>>>>>

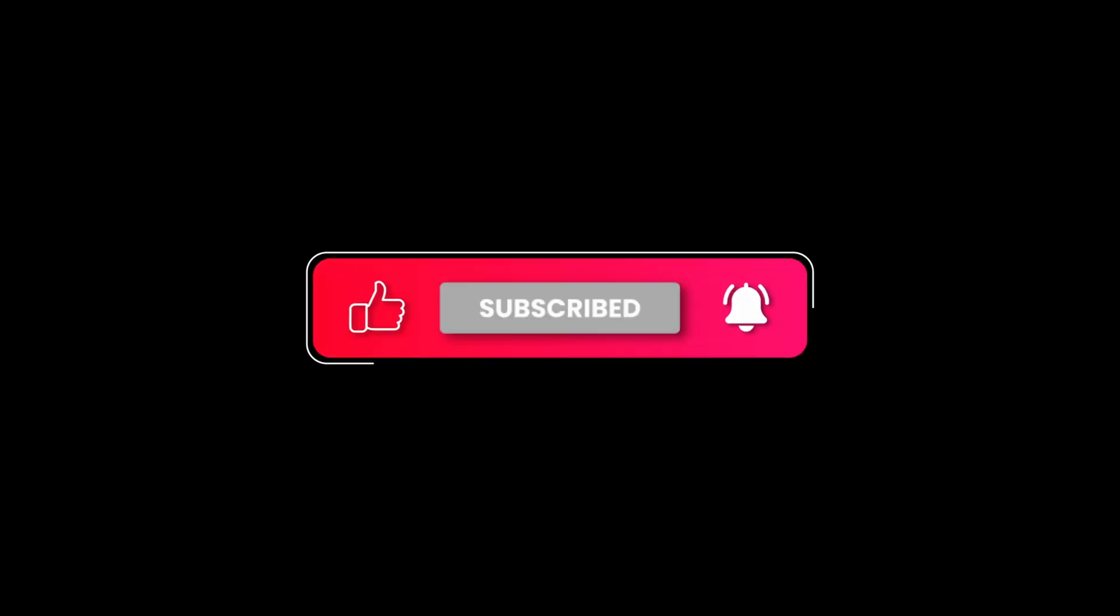That concludes our demonstration on using Podman to run a MariaDB container. We've walked through the process of searching for images, pulling an image, running a container, and troubleshooting common issues. By following these steps you can run your own MariaDB container using Podman. Thanks for watching.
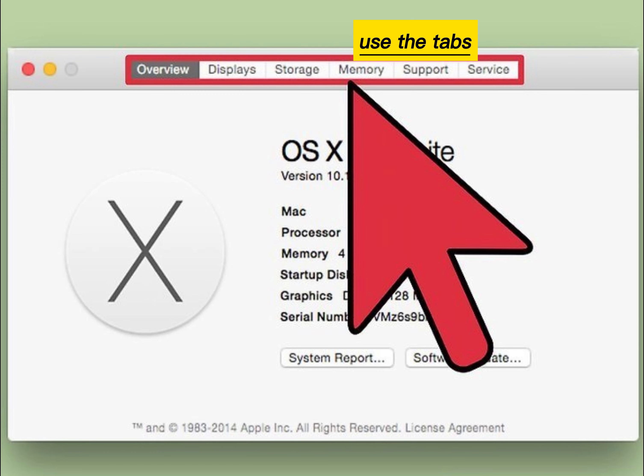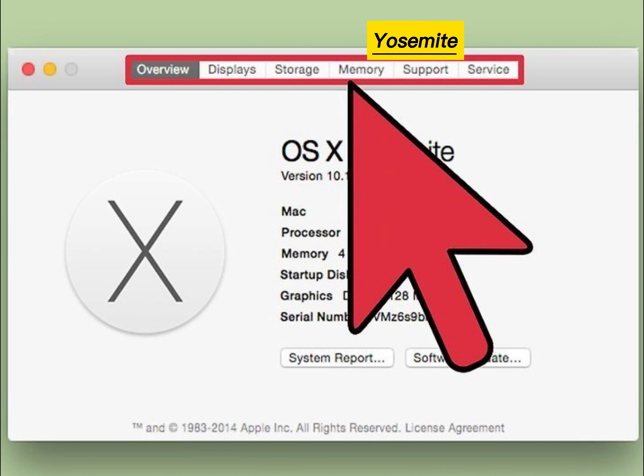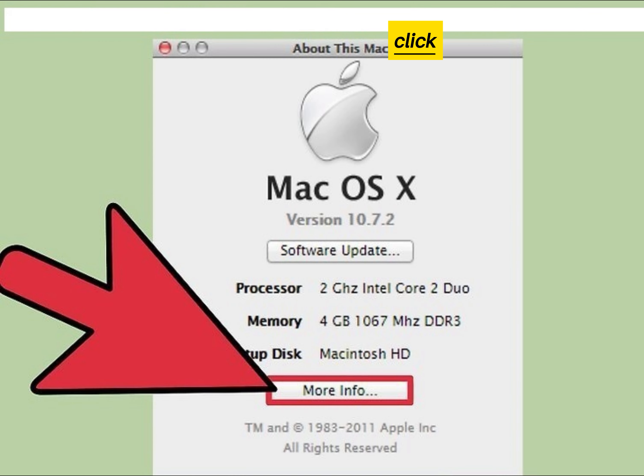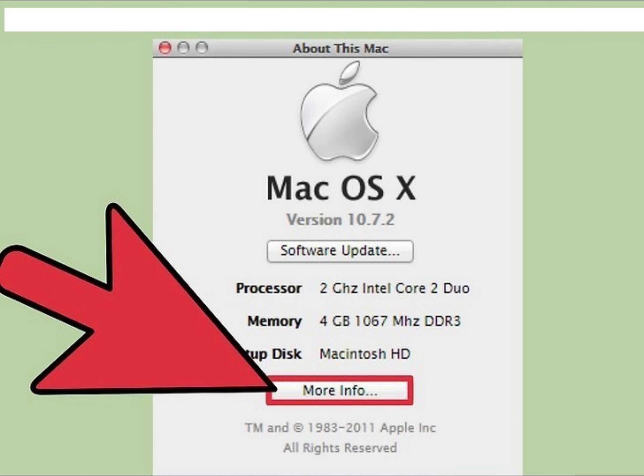Use the tabs at the top of the window (Yosemite), or click More Info (Mavericks or earlier).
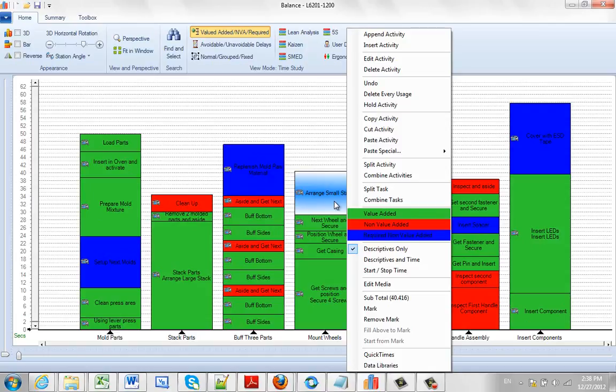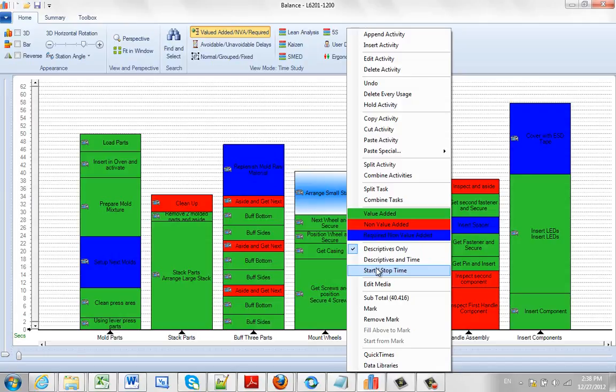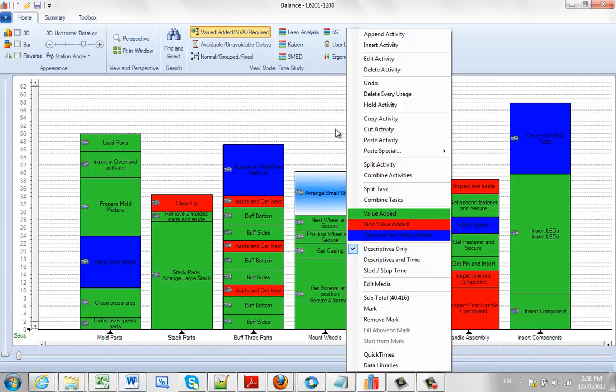But you never know. The other thing that's of interest is if you set these settings, these settings are also passed into the Yamazumi charts when you generate your Yamazumi chart. So sometimes that can be helpful to provide more information on an output basis.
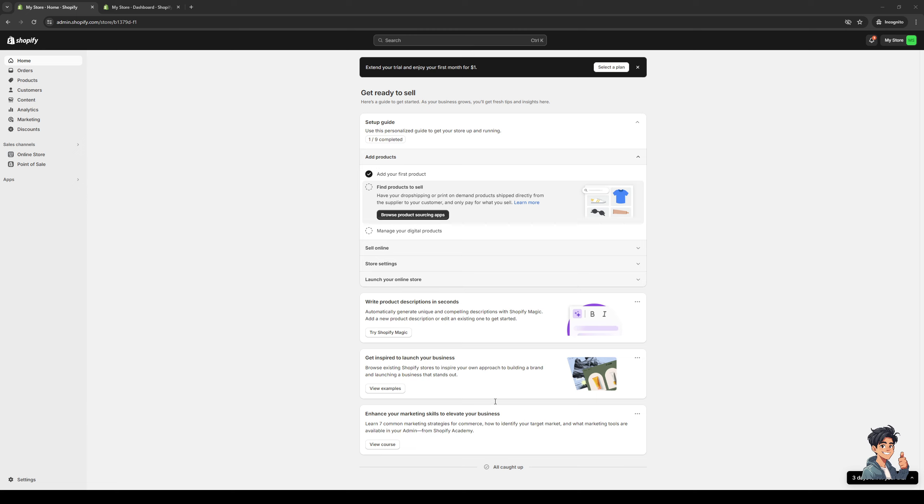Hey everyone, and welcome back to the channel. So in today's video, I'll be teaching you guys how to change your Shopify store name and URL from scratch using the shop configuration for your online store. So without further ado, let's dive right in.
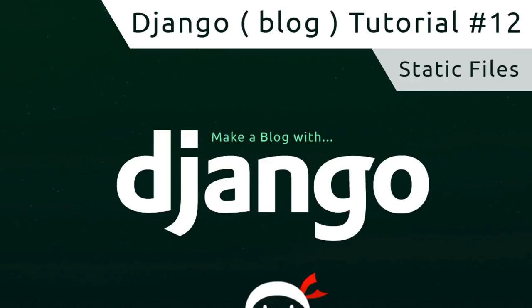Hey, what's up guys, welcome to your 12th Django tutorial. In this video, we're going to take a look at how we can work with static files in Django.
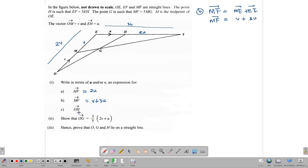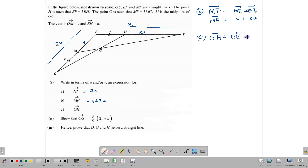Now we find OH. To get from O to H, we go O to E and then E to H. So OH equals OE plus EH, which is 2V plus U.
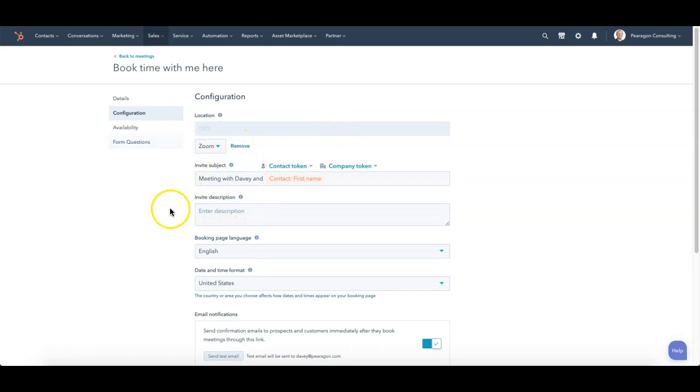We'll enter it into the description. It will be unique to every person that then books a meeting with you. So if you add Zoom, know that that meeting link is unique. You'll have to use that link specifically within your Zoom meetings to be able to use it.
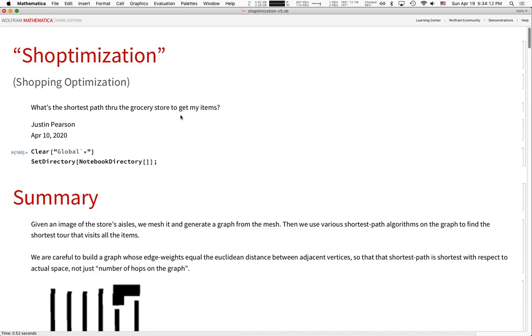Today we're going to use Mathematica to answer the question: when I go grocery shopping, what order should I go to pick up my items so that I can get through the store the fastest?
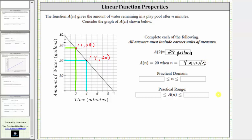Now we're asked to determine the practical domain and practical range given the situation — the domain and range that make sense in this context. The domain is the set of all possible inputs, which we find along the horizontal axis. The time in minutes starts at zero when the pool is full, and goes out to nine minutes when the pool is empty, which means the practical domain is n greater than or equal to zero minutes and less than or equal to nine minutes.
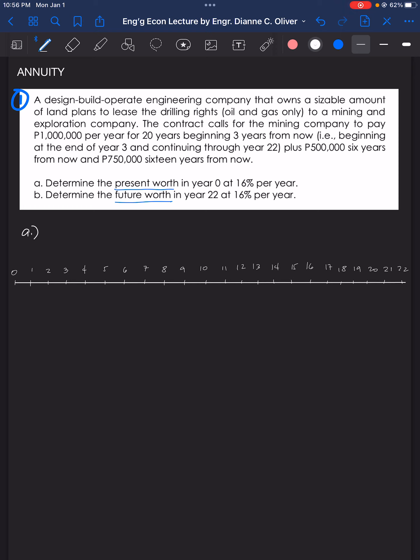There will be 1 million pesos cost every year starting at the end of year 3. So year 3 is where we start our annuity.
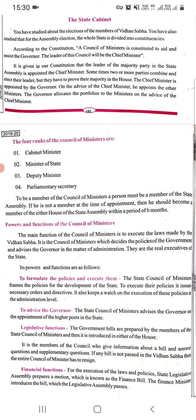The four ranks of the council of ministers are: cabinet minister, minister, minister of state, deputy minister, and parliamentary secretary. To be a member of the council of ministers, a person must be a member of the state assembly. If he is not a member at the time of appointment, then he should become a member of either house of the state assembly within a period of six months.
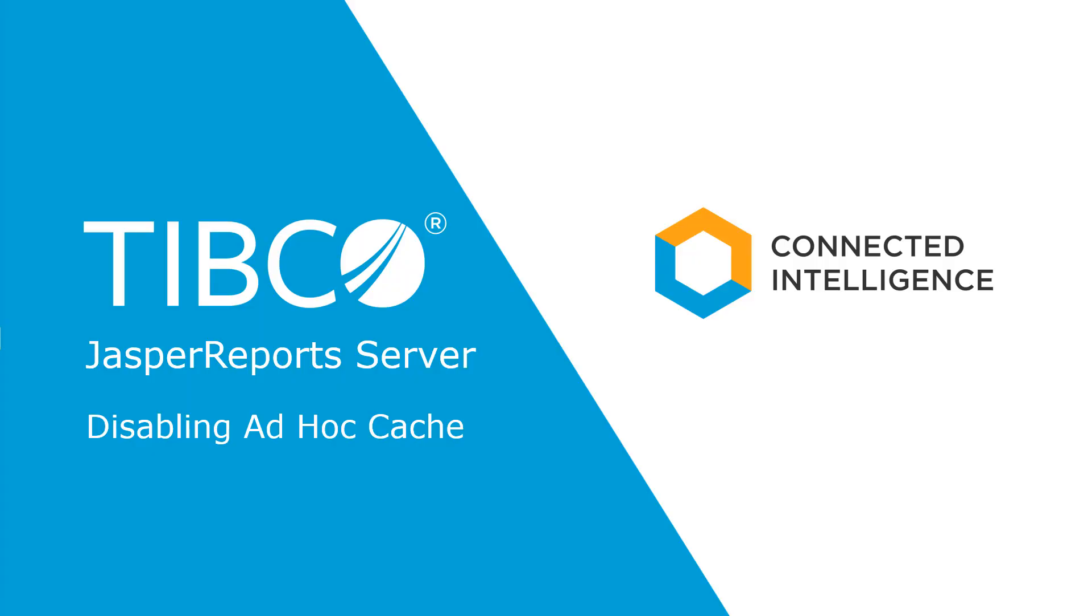Hi. In this video, I will show you how to configure JasperReports Server to disable ad hoc cache. After watching this video, you will understand how ad hoc cache works, how to disable it, and check the change's impact.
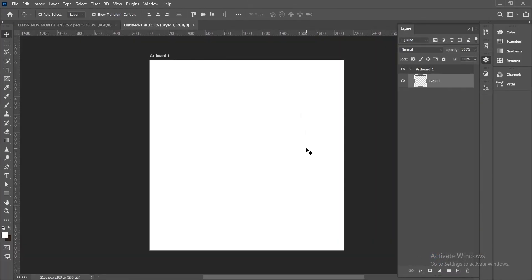So we have this interface here. How does one create these multiple artboards in Photoshop? There are different ways to go about this.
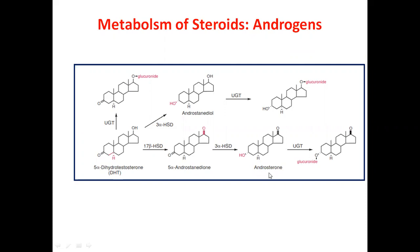Androsterone is produced from 5α-androstenedione by steroid dehydrogenase — specifically 3α-hydroxysteroid dehydrogenase at the third alpha position. The dotted line indicates the alpha position. From this, uridine glucuronosyltransferase (UGT) transfers the OH group with a glucuronide molecule.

<<<<<

Starting at the first line of the records and stopping after the line with "Today we're going", copy each line exactly; pictures stay out.

• [THE COMPLETED TASK]:
That concludes our demonstration on using Podman to run a MariaDB container. We've walked through the process of searching for images, pulling an image, running a container, and troubleshooting common issues. By following these steps you can run your own MariaDB container using Podman. Thanks for watching.
Use the tabs at the top of the window (Yosemite), or click More Info (Mavericks or earlier).
But you never know. The other thing that's of interest is if you set these settings, these settings are also passed into the Yamazumi charts when you generate your Yamazumi chart. So sometimes that can be helpful to provide more information on an output basis.
Hey everyone, and welcome back to the channel. So in today's video, I'll be teaching you guys how to change your Shopify store name and URL from scratch using the shop configuration for your online store. So without further ado, let's dive right in.
Hey, what's up guys, welcome to your 12th Django tutorial. In this video, we're going to take a look at how we can work with static files in Django.
Now we find OH. To get from O to H, we go O to E and then E to H. So OH equals OE plus EH, which is 2V plus U.
We'll enter it into the description. It will be unique to every person that then books a meeting with you. So if you add Zoom, know that that meeting link is unique. You'll have to use that link specifically within your Zoom meetings to be able to use it.
Today we're going to use Mathematica to answer the question: when I go grocery shopping, what order should I go to pick up my items so that I can get through the store the fastest?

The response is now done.